Housing Starts Rise to Highest Level in Eight Months
Housing starts surged in July to the highest level in eight months, underscoring the recent pickup in builder optimism and showing more traction in the residential real estate market.
Beginning home construction climbed 15.7% to a 1.09 million annualized rate following June’s 945,000 pace, which was stronger than previously reported, the Commerce Department reported.
The level exceeded the highest estimate in a Bloomberg News survey of economists, whose median projection called for 965,000 starts.
A strengthening job market and cheaper borrowing costs are helping revive residential real-estate after a lull in construction at the start of the year. At the same time, the industry’s recovery has been challenged slow wage growth and tight credit, which have put homeownership out of reach for some Americans.
“The long-term recovery has good fundamental footing behind it,” Tom Simons, an economist at Jefferies said. “There’s definitely some demand still to come after periods of depressed sales.”
Permits for future projects advanced 8.1% to a 1.05 million pace. The gain reflected the fastest rate of building applications for single-family dwellings since November.
Estimates for annualized starts ranged from 898,000 to 1.03 million after a previously reported 893,000 in June, according to the Bloomberg survey of 75 economists.
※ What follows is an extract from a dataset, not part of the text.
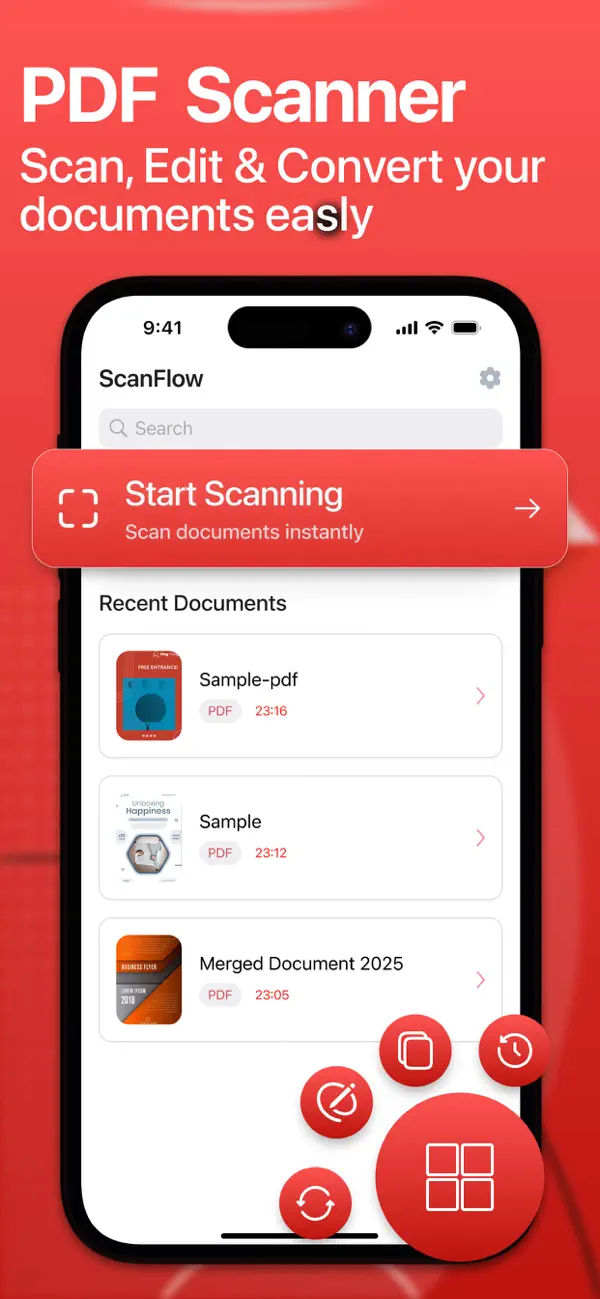 Screenshot #1 pour ScanFlow Pro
The pace of starts averaged 930,000 last year. Applications for building permits were projected to advance to a 1 million rate.
Starts of single-family properties rose 8.3% to a 656,000 rate in July, the fastest this year, the Commerce Department said. Construction of multifamily projects such as condominiums and apartments rose 28.9% to an annual rate of 437,000.
Three of four regions showed an increase in groundbreaking last month, led by a 44% jump in the Northeast to the highest level since July 2008. Starts rebounded 29% in the South and climbed 18.6% in the West.
Weather dealt a setback to builders at the beginning of the year as snow blanketed construction sites in parts of the country and bitter cold kept some would-be buyers at home.
Homebuilding bounced back in the second quarter, climbing at a 7.5% annualized rate in the second quarter after a 5% slump in the first three months of the year, data from the Commerce Department showed on July 30.